Nas idas e vindas do circo, o espetáculo veio parar no Recife, há cerca de dois anos. Júlia conta que foi traída por Jorge e acabou se envolvendo com outro homem e indo morar com ele em Moreno, há um ano e seis meses. Ao largar a vida circense, ela deixou também os cinco filhos com o pai e, em janeiro, as crianças foram encontradas em situação de abandono no circo e acolhidas em um abrigo. “Assim que soube fui no Conselho Tutelar da Muribeca para saber onde os meus filhos estavam e fiquei visitando eles toda quarta-feira, até liberarem a guarda para mim”, relata.
De acordo com a jovem, que é analfabeta e só passou a ter documento após o episódio, o rapaz com quem foi morar assumiu as crianças, mas o casal acabou brigando e ela voltou para a casa do ex-marido, há cerca de um mês, pois não tinha onde morar.
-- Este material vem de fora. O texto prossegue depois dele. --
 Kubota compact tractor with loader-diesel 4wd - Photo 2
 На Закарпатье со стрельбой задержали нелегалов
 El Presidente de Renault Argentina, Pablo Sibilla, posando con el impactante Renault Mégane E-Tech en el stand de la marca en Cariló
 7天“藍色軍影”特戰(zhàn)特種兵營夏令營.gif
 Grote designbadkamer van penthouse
Segundo os vizinhos, era comum o pai sair para trabalhar e deixar os pequenos sozinhos, antes da chegada da mãe. Jorge trabalha de manhã como ajudante de pedreiro e à noite, como garçom.
O RESGATE
Anteontem, após várias denúncias dos moradores, o Conselho Tutelar resgatou as crianças abandonadas de 2, 3, 4, 7 e 8 anos. Trancados e em condições de higiene precárias, os pequenos estavam sozinhos há dois dias, segundo a vizinhança. O odor das fezes encontradas no chão do imóvel era tão forte que dava para sentir do lado de fora da casa. O menino mais velho tinha um ferida na virilha e as outras estavam com poucas roupas. Sem comida, sem banho.
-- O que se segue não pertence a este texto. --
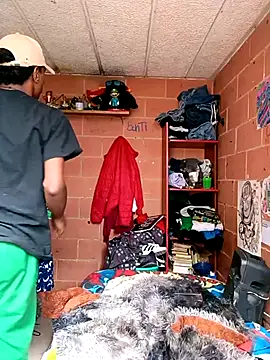 Snapshot of suckdream chatting on 03/29/26, 03:01 suckdream online show from 03/29/26, 03:01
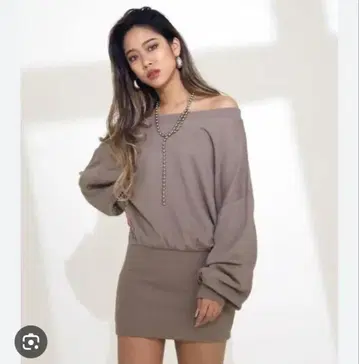 오프숄더 타이트 미니 원피스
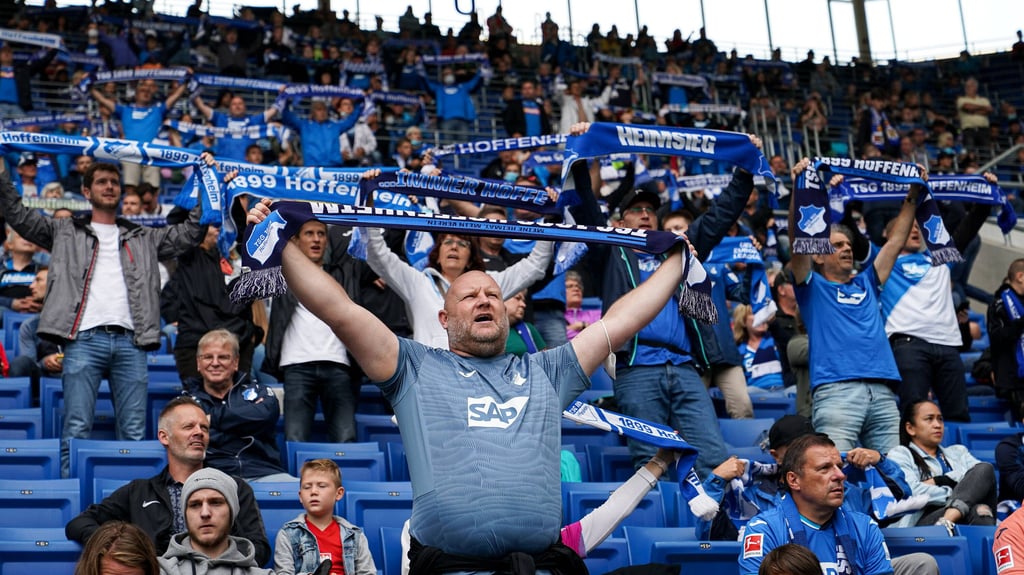 Fans der TSG 1899 Hoffenheim im Fanblock.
A mãe havia ido para Moreno, na segunda-feira, levando o filho de 2 anos, para reatar com o ex. E o pai das crianças foi atrás dela na quarta-feira, deixando quatro dos filhos enclausurados na casa onde morava, próximo ao Conjunto Dom Helder, em Jaboatão. “Quando eu cheguei de volta para pegá-los, e vi como tudo estava, chorei tanto! Porque eu lutei muito para poder tomar conta dos meus filhos para perdê-los assim”, desabafa. “Se meu ex-marido tivesse ficado em casa, cuidado das crianças e não ido atrás de mim, nada disso teria acontecido”.
Júlia tem esperança de, ainda este ano, ter de volta as crianças. E diz que o marido teria pensado em entregar os primogênitos para adoção. “Eu estou me sentindo muito mal, porque não tem uma mãe que não sente dor pelo filho. Espero que consiga tê-los de volta, mas vai ser uma batalha muito difícil”, sussurrou.